Cette semaine, gros plan sur La Forme de l’eau, une fable signée Guillermo del Toro sur l’Amérique des années 1960, Winter Brothers du réalisateur islandais Hlynur Palmason, porté par Elliott Crosset Hove, son interprète principal, et Mary et la fleur de la sorcière, le premier long-métrage d’animation du studio Ponoc.

CONTE DE FÉES TRANSGENRE : « La Forme de l’eau », de Guillermo del Toro

La Forme de l'eau - The Shape of Water Bande Annonce (2018) VOSTFR
Durée : 02:51

Génie contemporain du cinéma fantastique, grand raconteur d’histoires et inventeur de formes, le Mexicain Guillermo del Toro, 53 ans, nous arrive aujourd’hui bardé de treize nominations aux Oscars pour La Forme de l’eau. Nonobstant la frénésie de communication que l’académie a su imposer à l’échelle planétaire, ce n’est pas une raison suffisante pour rendre son auteur estimable. En cela semblable à la créature merveilleuse qui hante son film, del Toro mériterait plutôt notre admiration par la manière souple et déliée dont il parvient, depuis vingt ans, à nager dans les courants hollywoodiens, sans y perdre son intégrité.
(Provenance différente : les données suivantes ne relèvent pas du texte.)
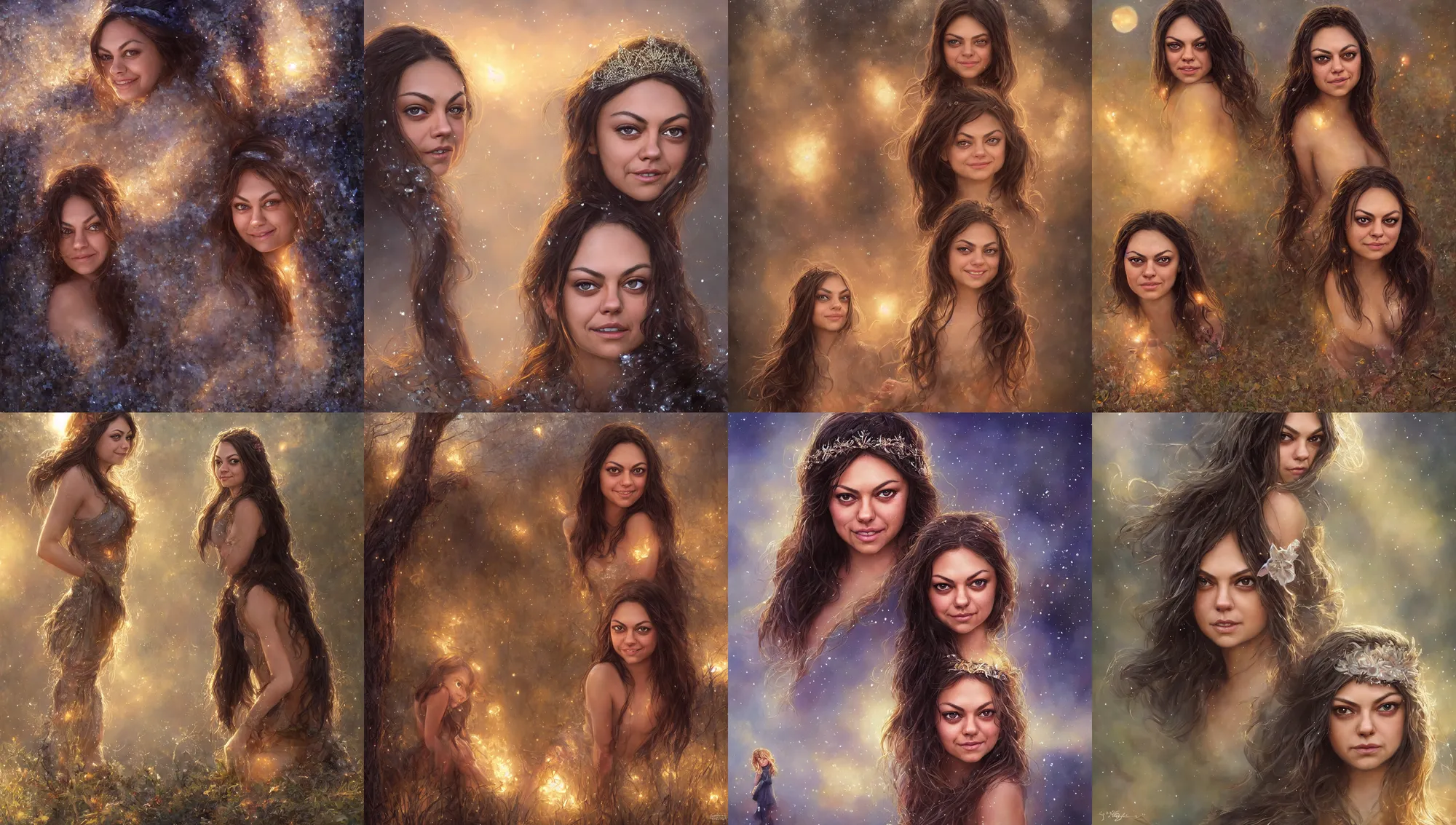 Image similar to big - eyed mila kunis winter princess smiling intensely into the camera, sundown golden hour firefly wisps, steve hanks, charlie bowater, mark brooks, steve henderson, justin gerard, mark keathley, victor nizovtsev, tom bagshaw, krenz cushart, ross tran, focal length : 2 0 0. 0 mm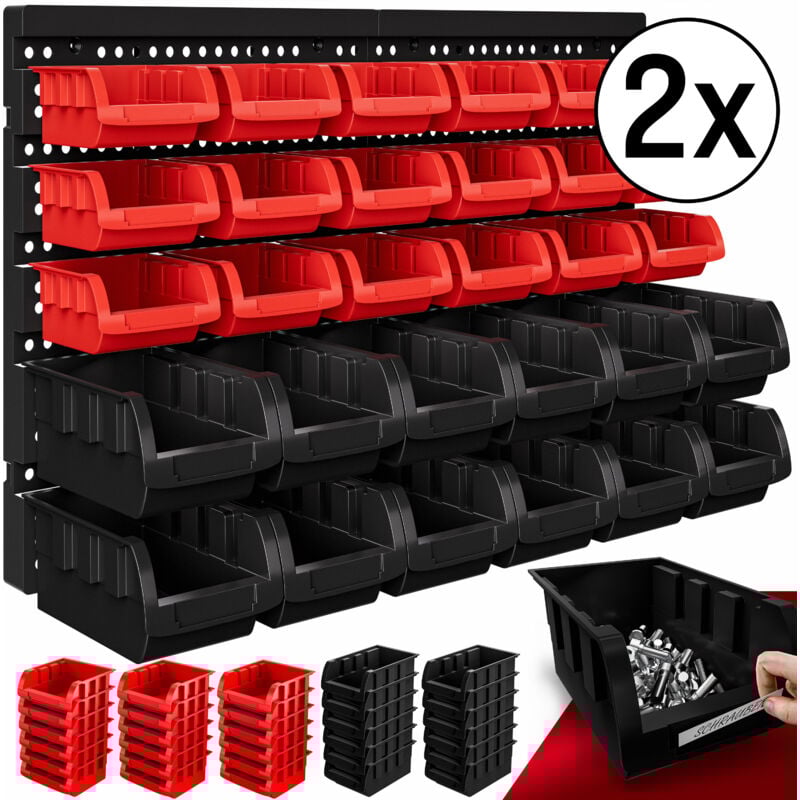 Deuba® 2x Étagère à outils murale 60 boites de rangement empilables et 4 panneaux muraux extensible rangement atelier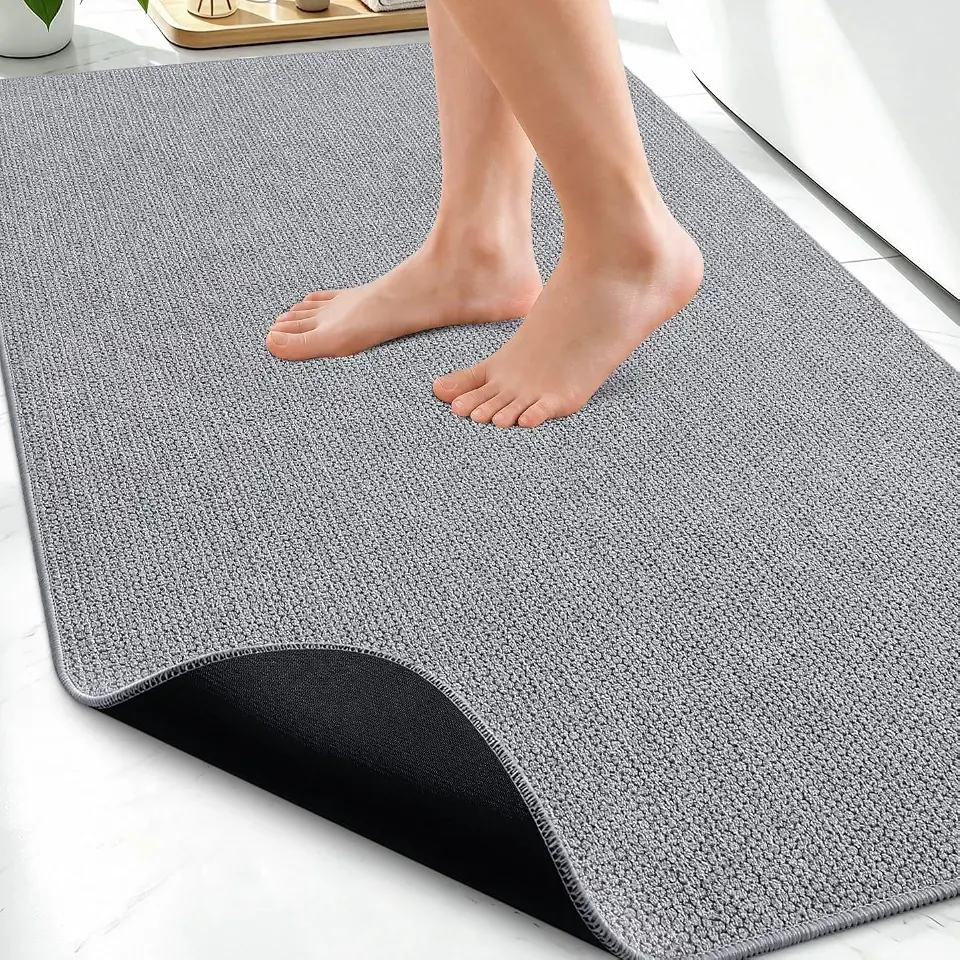 Smiry Ultra Thin Bath Mat 30X20, Non Slip Rubber Washable Bathroom Rugs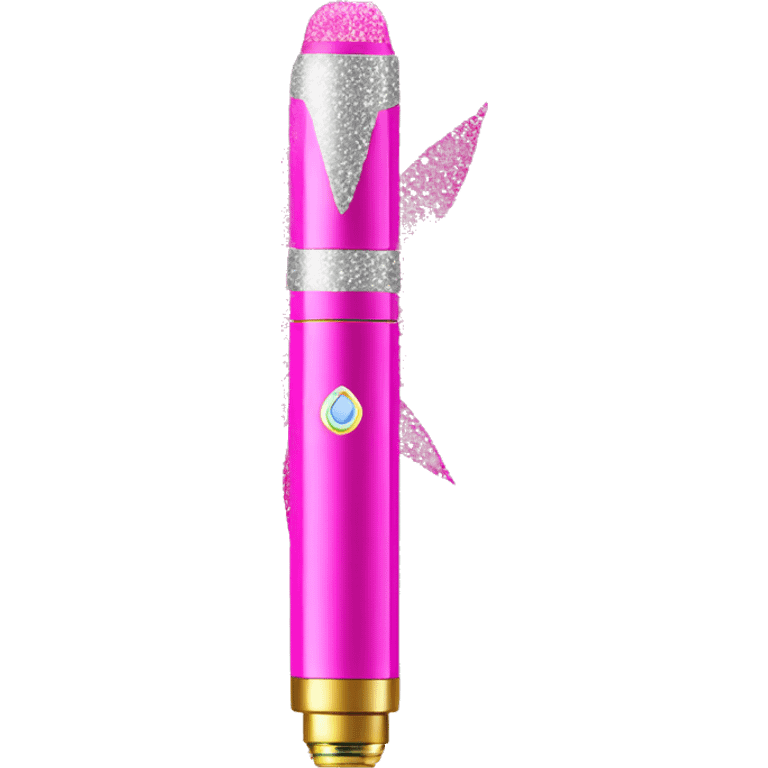 bright pink weed vape pen with glitter emoji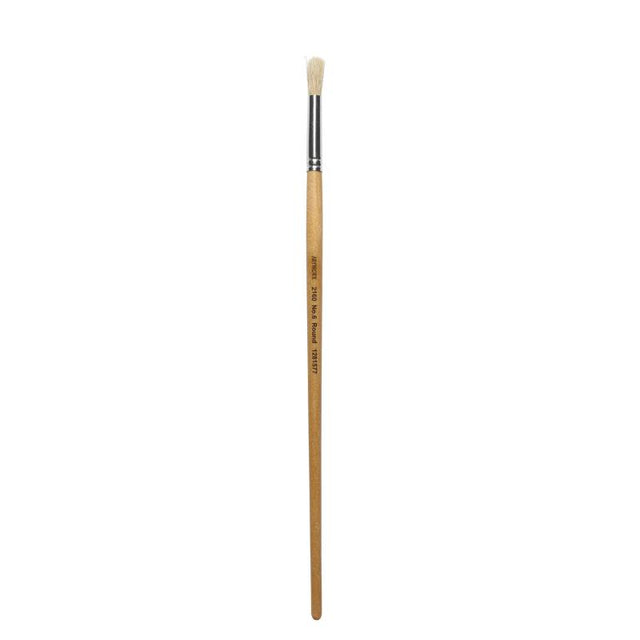 Artworx Paint Brush 2160 Round Size 6 features 8mm hog hair bristles for versatile, smooth painting across various media.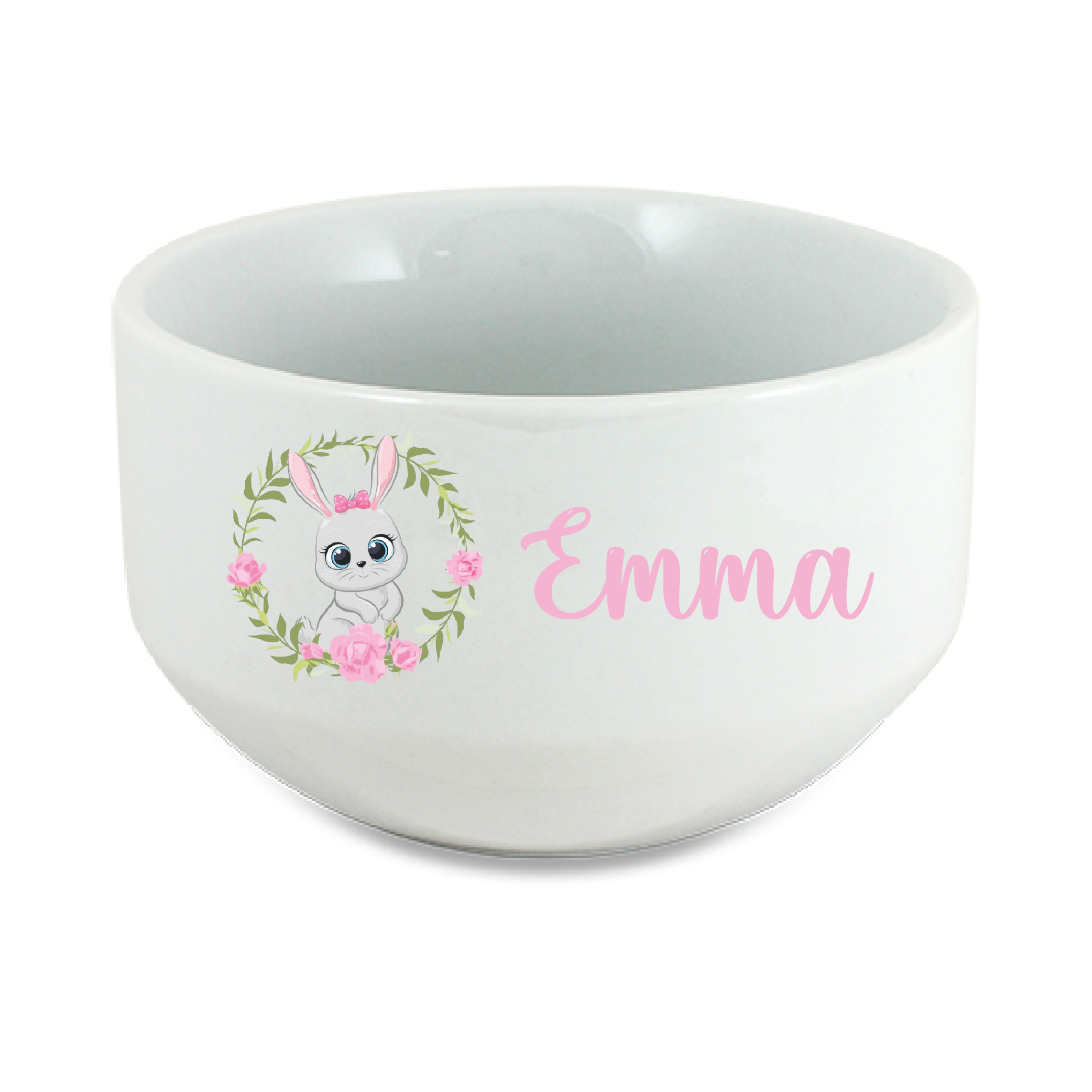 Bol personnalisé enfant lapin de Pâques avec prénom – Bol Pâques fille – Bol céréales enfant personnalisé – Cadeau de Pâques enfant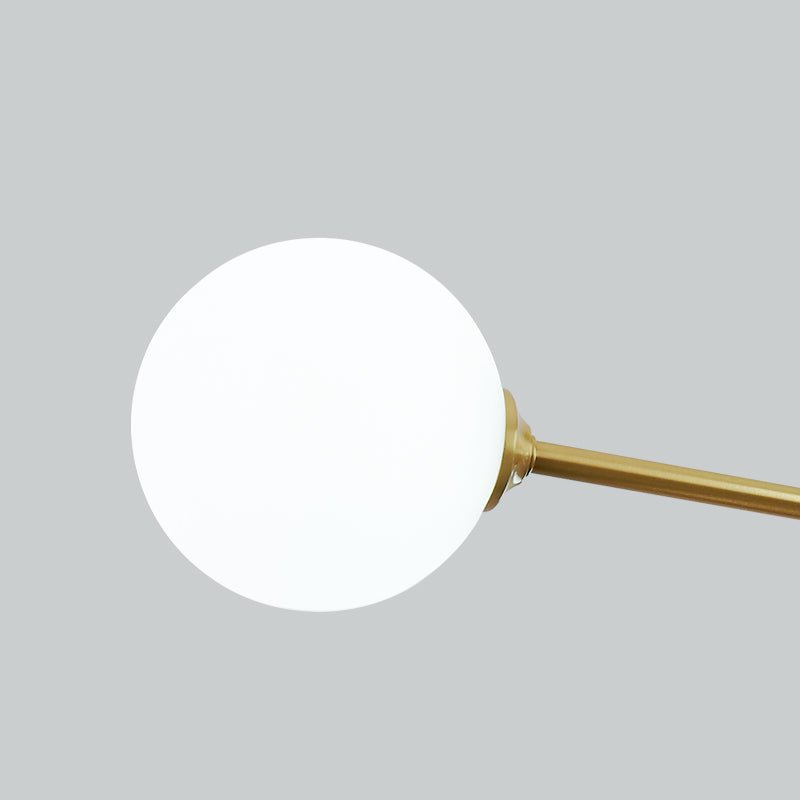 6-Light Opal Glass Globe Linear Sputnik Semi Flush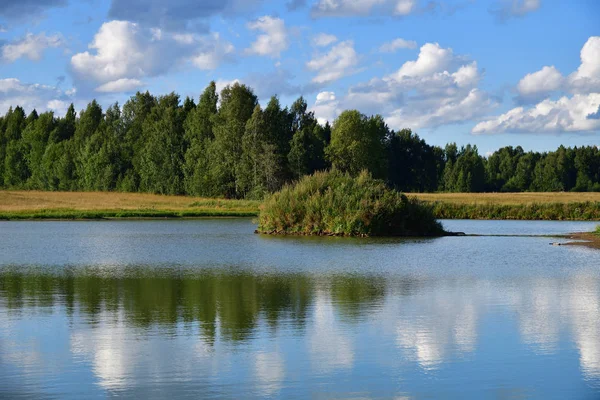 Krásné Ruské Letní Krajina Jezerem Zelených Polí Lesů Pozadí — Stock fotografie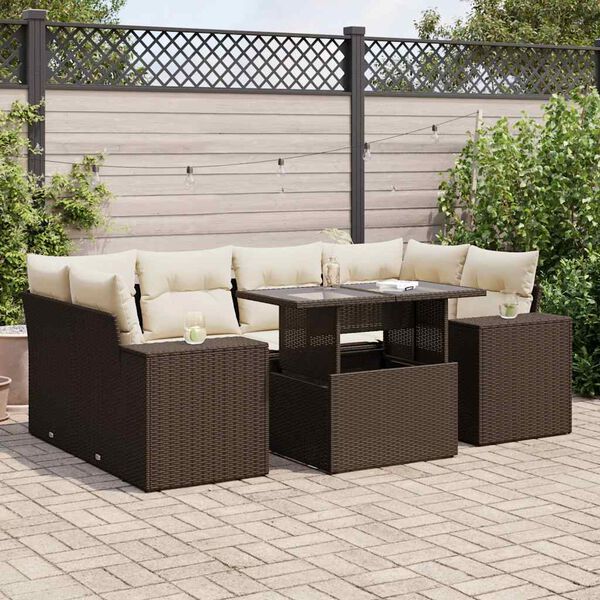 vidaXL 7-delige Loungeset met kussens poly rattan bruin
Soit, ici, une fable d’époque. L’Amérique clinquante du début des années 1960, détachée sur le fond obscurément paranoïaque de la guerre froide. Un laboratoire de l’armée ultrasecret, où une créature pêchée en Amérique latine, dotée de pouvoirs extraordinaires, devient l’objet d’étude de l’armée américaine.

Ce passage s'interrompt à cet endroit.